### What the exercise asks
Pictures in the entries below are to be left out; otherwise, reproduce exactly the lines from the first through the line containing "Used Volkswagen Tiguan".

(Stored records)
------------------------------------------------------------

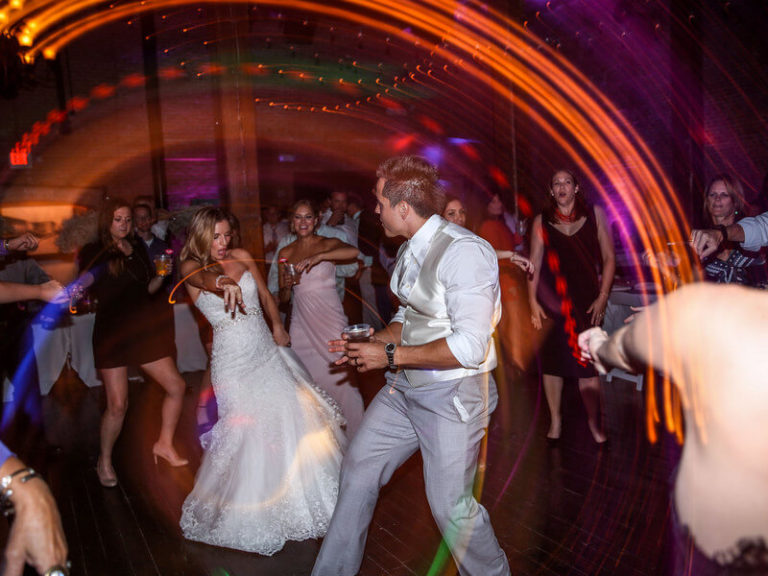 bride-and groom-dancing-at-reception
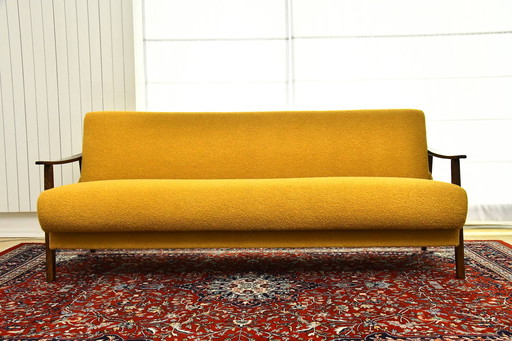 Gelbes Boucle-Sofa im skandinavischen Stil mit ausklappbarer Funktion, 1960er Jahre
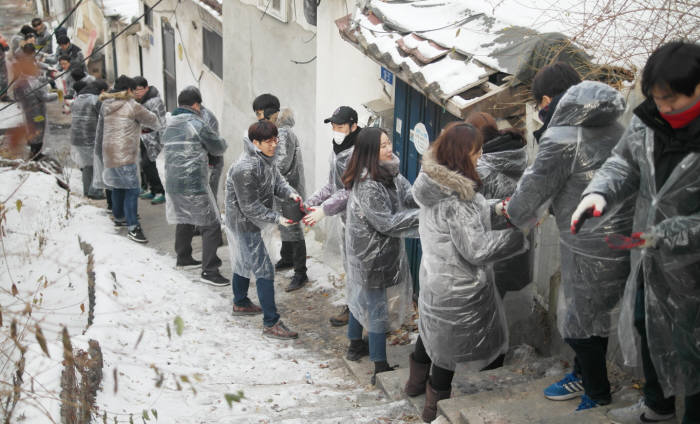 맵퍼스, 서울 중계동 백사마을 연탄 4000장 나눔 봉사 (제공=맵퍼스)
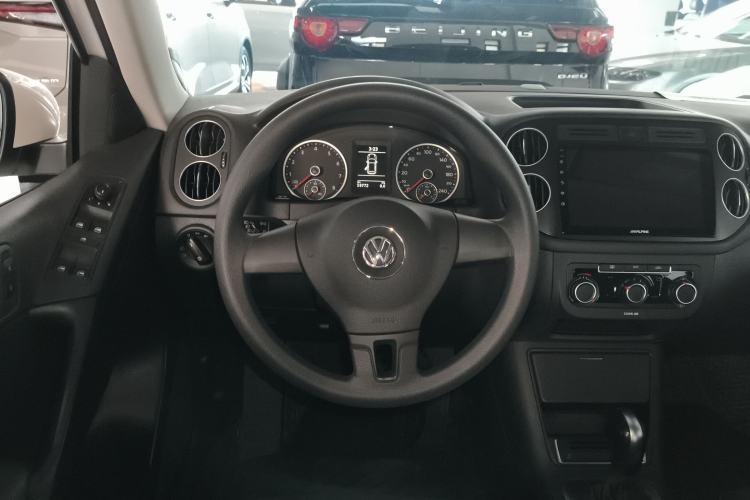 Used Volkswagen Tiguan 2017 300TSI Automatic Two-Wheel Drive Silk Road Luxury Edition Steering Wheel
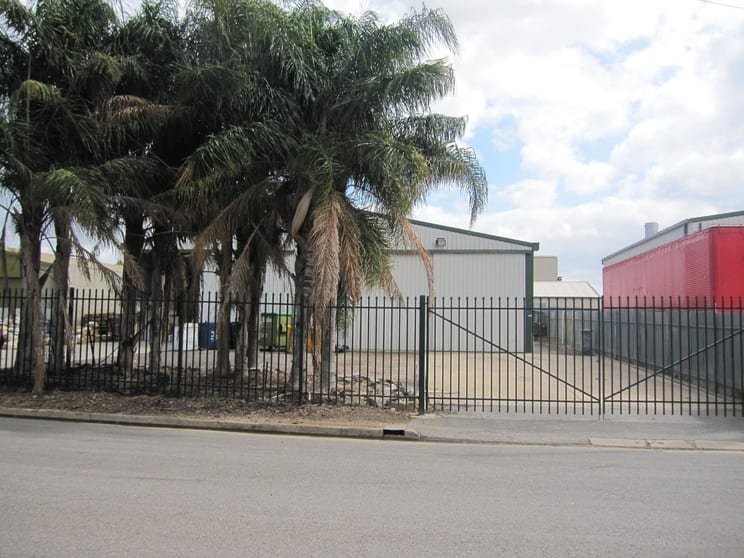 Click to view all images 12 - 14 Dundee Street Wingfield SA 5013 - Image 1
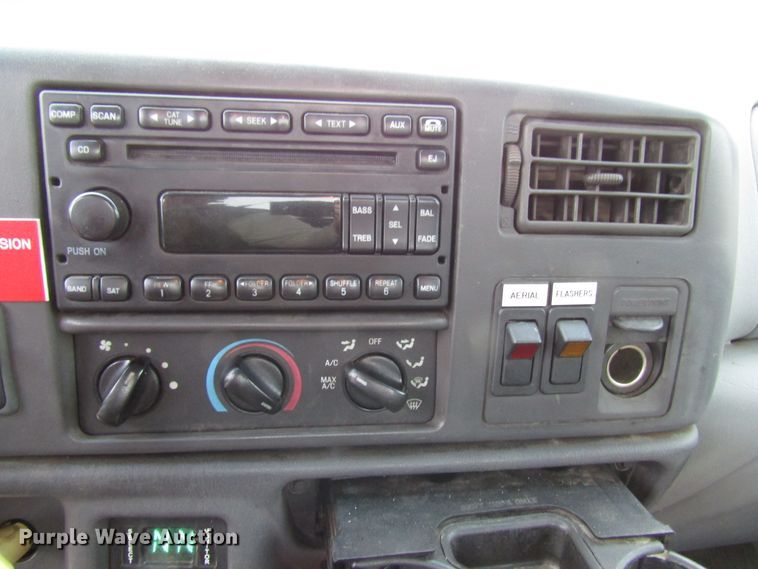 image for item DH8326 2009 Ford F750 Super Duty truck cab and chassis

------------------------------------------------------------

### Result
 bride-and groom-dancing-at-reception
 Gelbes Boucle-Sofa im skandinavischen Stil mit ausklappbarer Funktion, 1960er Jahre
 맵퍼스, 서울 중계동 백사마을 연탄 4000장 나눔 봉사 (제공=맵퍼스)
 Used Volkswagen Tiguan 2017 300TSI Automatic Two-Wheel Drive Silk Road Luxury Edition Steering Wheel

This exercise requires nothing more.